__Problem requirements__: Print the entries below word for word; the pictures stay out of your copy.

__Dataset entries__:
──────────

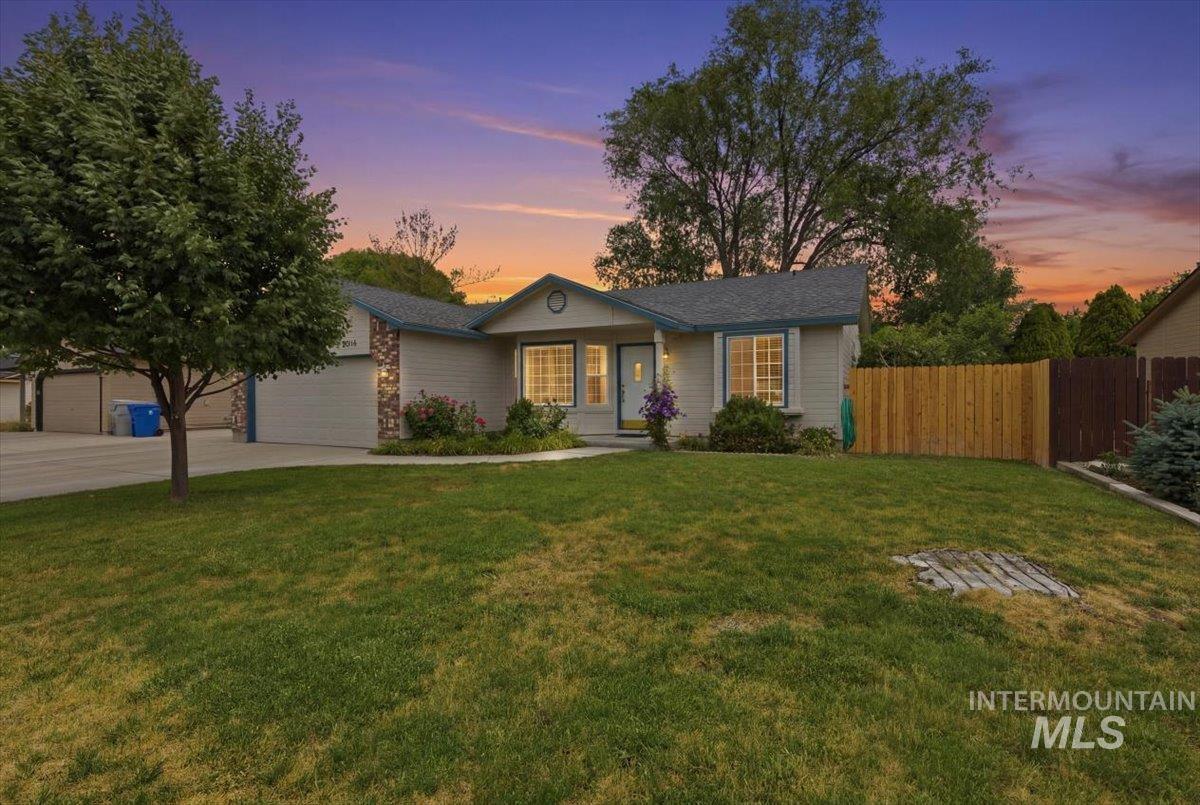 2716 E Castleberg Loop, Nampa, Idaho 83686, 3 Bedrooms, 2 Bathrooms, Residential For Sale, Price $369,900, 98989667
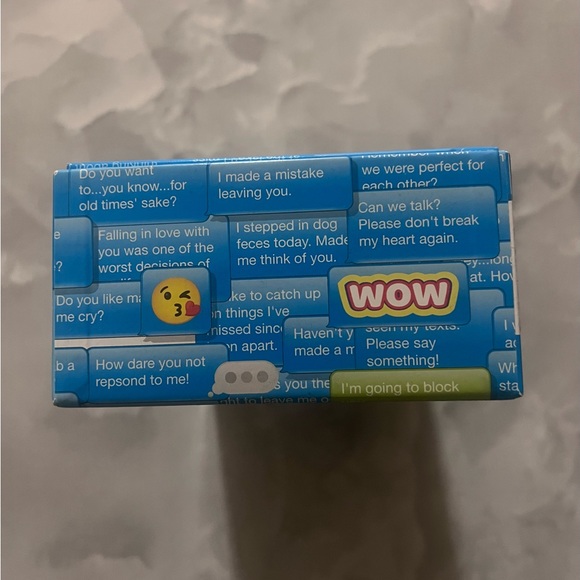 Texts From Your Ex Party Card Game - Picture 5 of 6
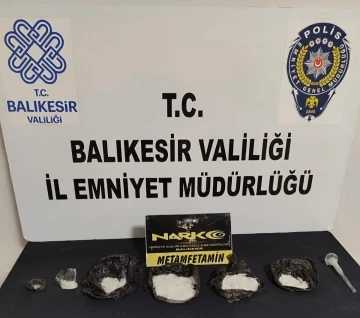 Balıkesir’de polis ekipleri bir araçta uyuşturucu madde ele geçirdi
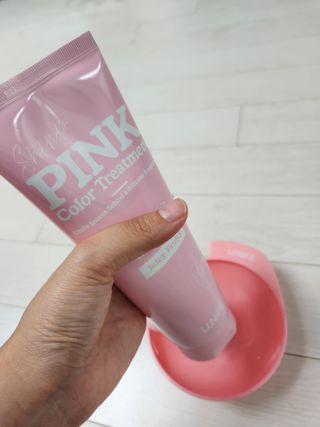[유니프] 헤어 샤이니 핑크 컬러 트리트먼트240g — 4.5점을 준 리뷰어가 2023년 11월 올린 사용 사진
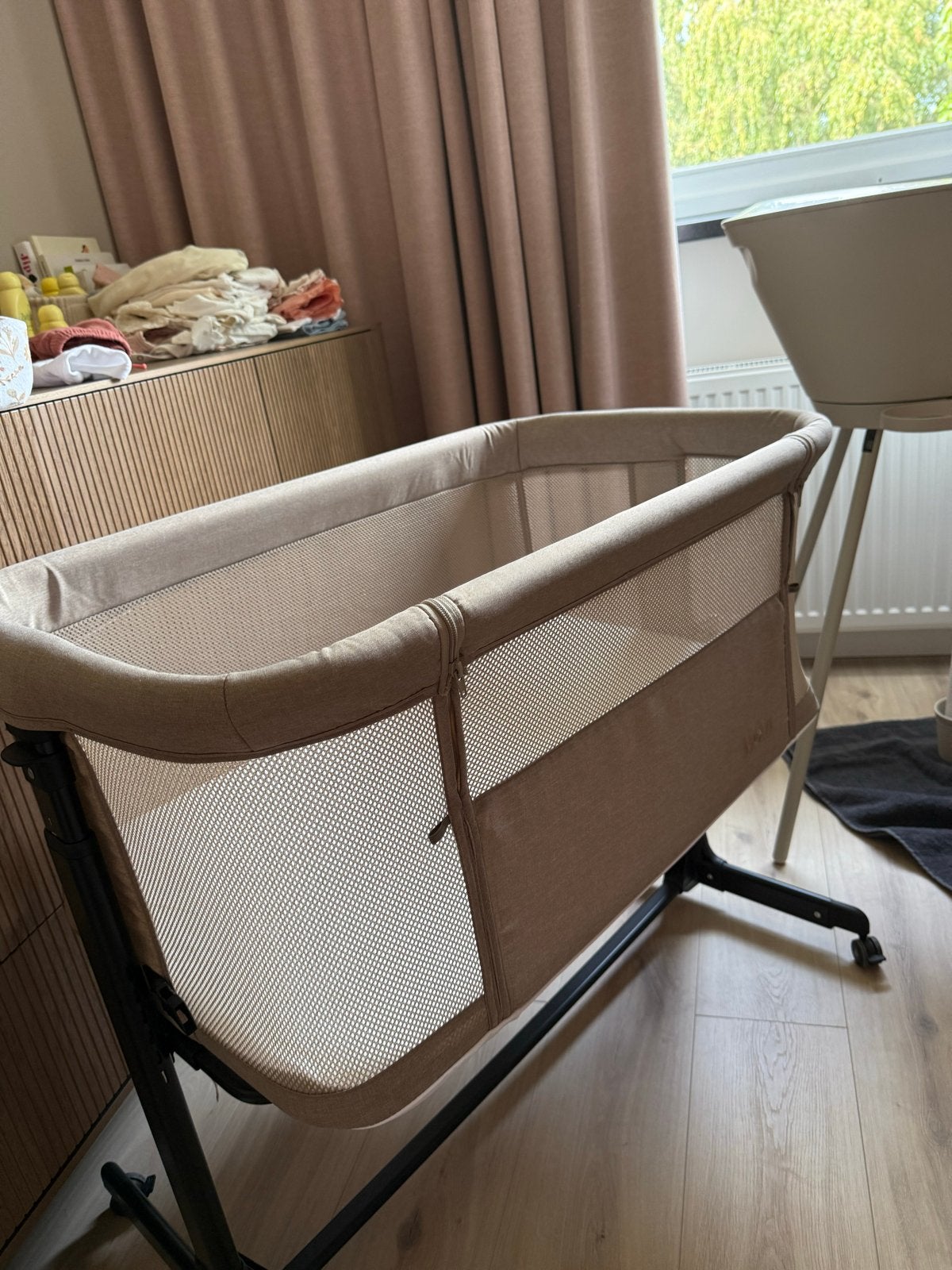 Novi Co-Sleeper / Wiegje - Zo goed als nieuw, Ophalen, Zo goed als nieuw, Wieg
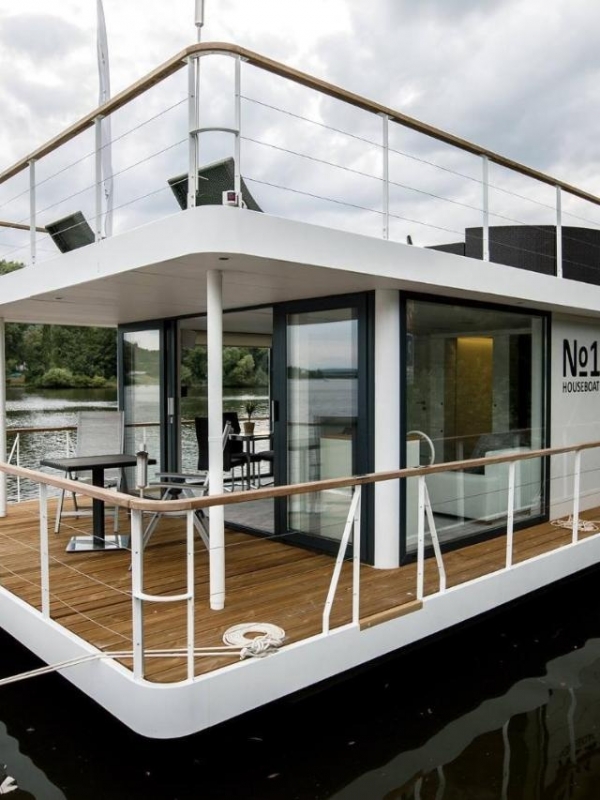 VIP Living Houseboat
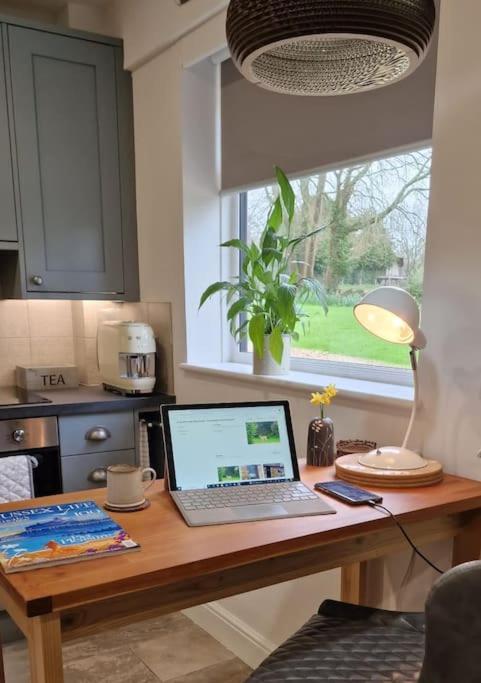 The Old Barn Annexe, Cosy Stay, Close Drive To City, Beach, South Downs & Goodwood Chichester Luaran gambar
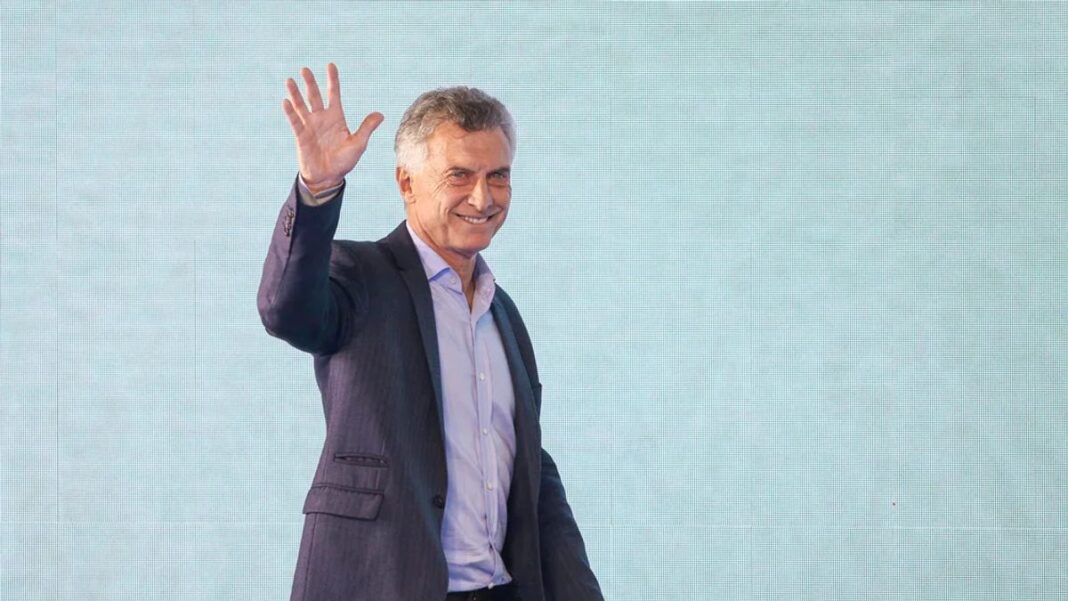 El expresidente Mauricio Macri reavivó la interna del PRO y tensó el vínculo con Javier Milei al asegurar que “los dirigentes que tenían precio ya fueron comprados”.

──────────

__Answer space__:
 2716 E Castleberg Loop, Nampa, Idaho 83686, 3 Bedrooms, 2 Bathrooms, Residential For Sale, Price $369,900, 98989667
 Texts From Your Ex Party Card Game - Picture 5 of 6
 Balıkesir’de polis ekipleri bir araçta uyuşturucu madde ele geçirdi
[유니프] 헤어 샤이니 핑크 컬러 트리트먼트240g — 4.5점을 준 리뷰어가 2023년 11월 올린 사용 사진
 Novi Co-Sleeper / Wiegje - Zo goed als nieuw, Ophalen, Zo goed als nieuw, Wieg
 VIP Living Houseboat
 The Old Barn Annexe, Cosy Stay, Close Drive To City, Beach, South Downs & Goodwood Chichester Luaran gambar
 El expresidente Mauricio Macri reavivó la interna del PRO y tensó el vínculo con Javier Milei al asegurar que “los dirigentes que tenían precio ya fueron comprados”.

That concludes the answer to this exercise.